> **Your objective**: For this exercise, return only the lines in the records below from the one holding "huile sur papier doublé sur carton,..." through the one holding "Lagos taskforce apprehends", including both, exactly as they appear and without pictures.

------ Entries shown

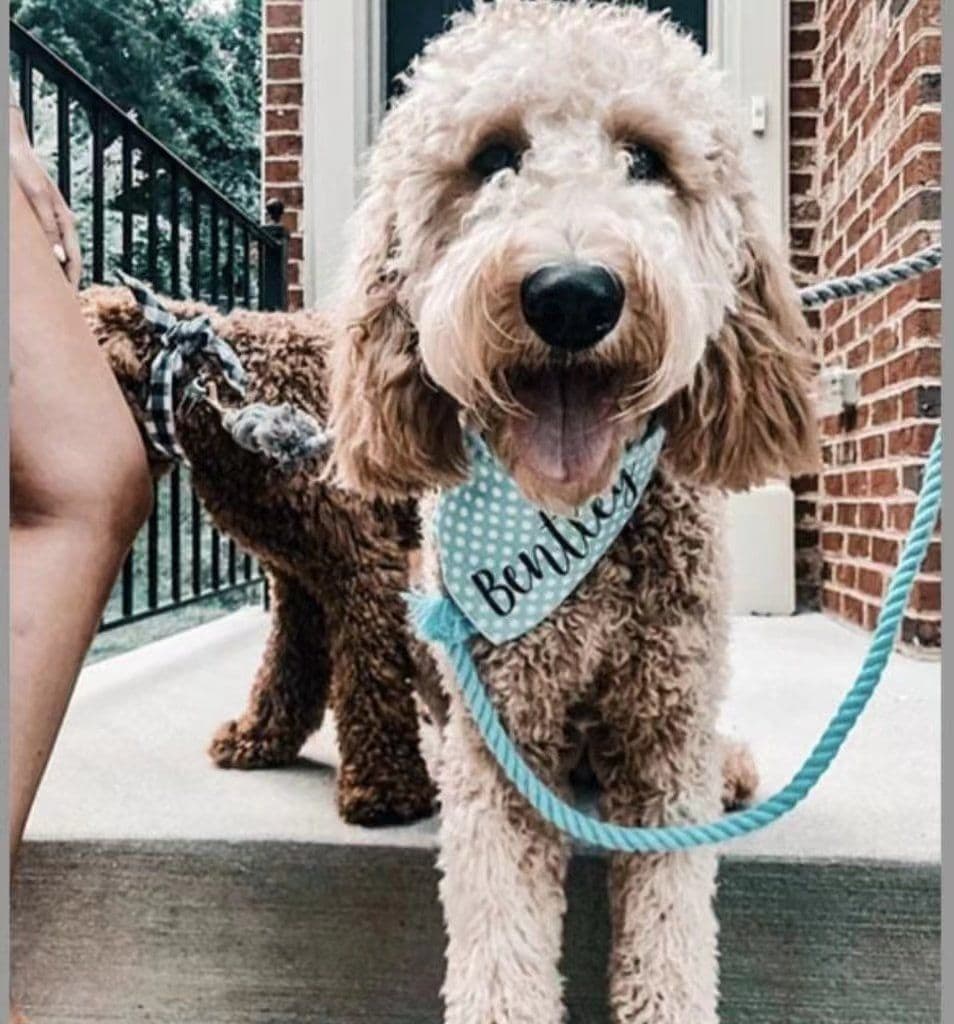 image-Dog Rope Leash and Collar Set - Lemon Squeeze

------------
------ Entries shown

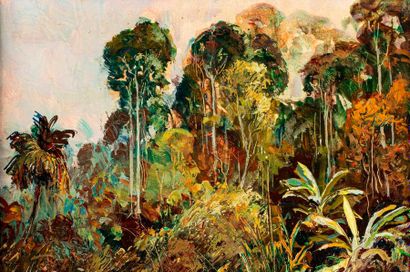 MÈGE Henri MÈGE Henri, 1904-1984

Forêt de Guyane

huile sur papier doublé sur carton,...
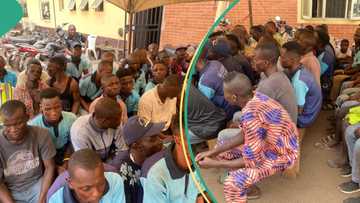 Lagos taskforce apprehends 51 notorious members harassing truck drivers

------------
------ Entries shown

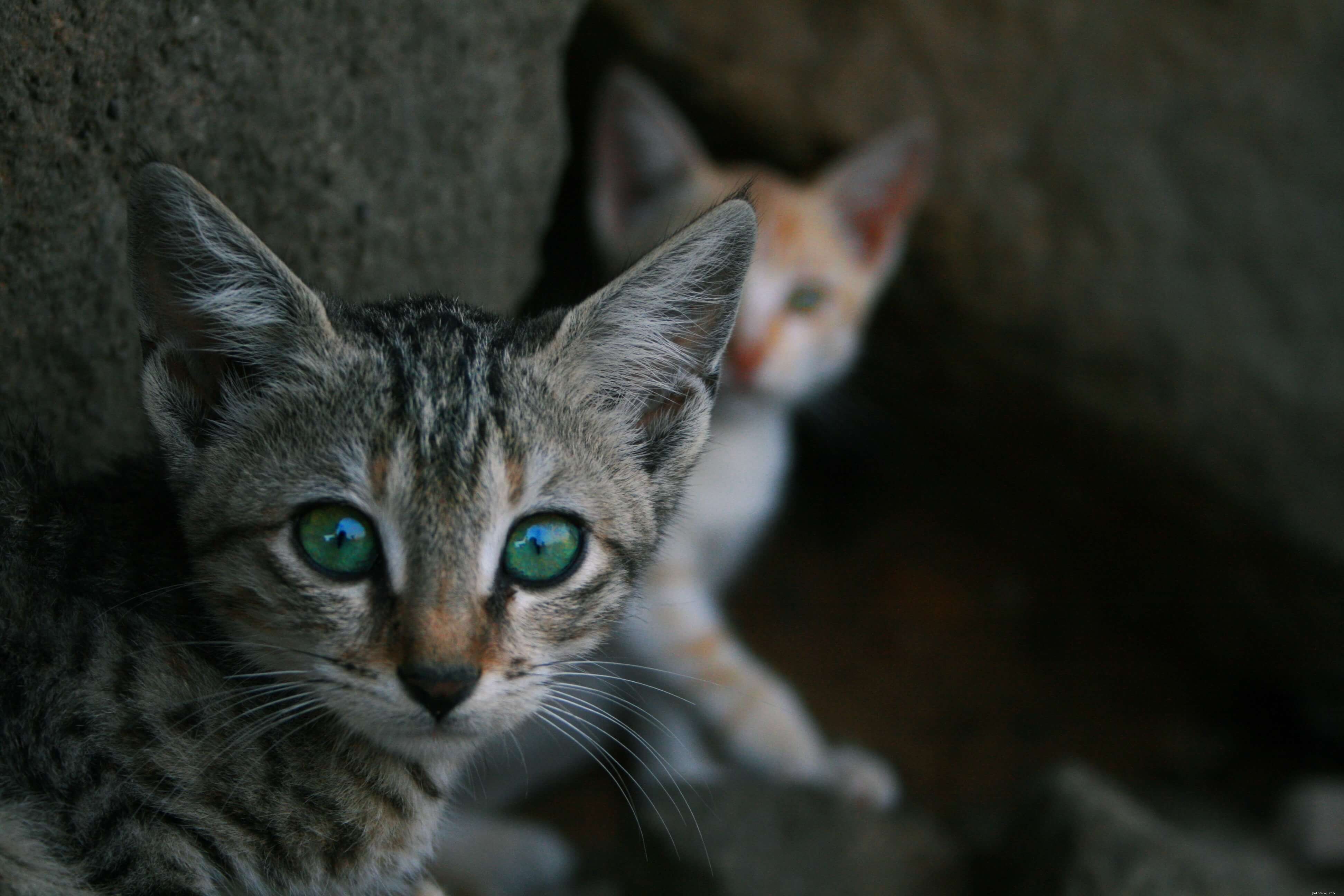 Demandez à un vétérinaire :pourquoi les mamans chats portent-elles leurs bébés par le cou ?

------------

> **Completed exercise**:
huile sur papier doublé sur carton,...
 Lagos taskforce apprehends 51 notorious members harassing truck drivers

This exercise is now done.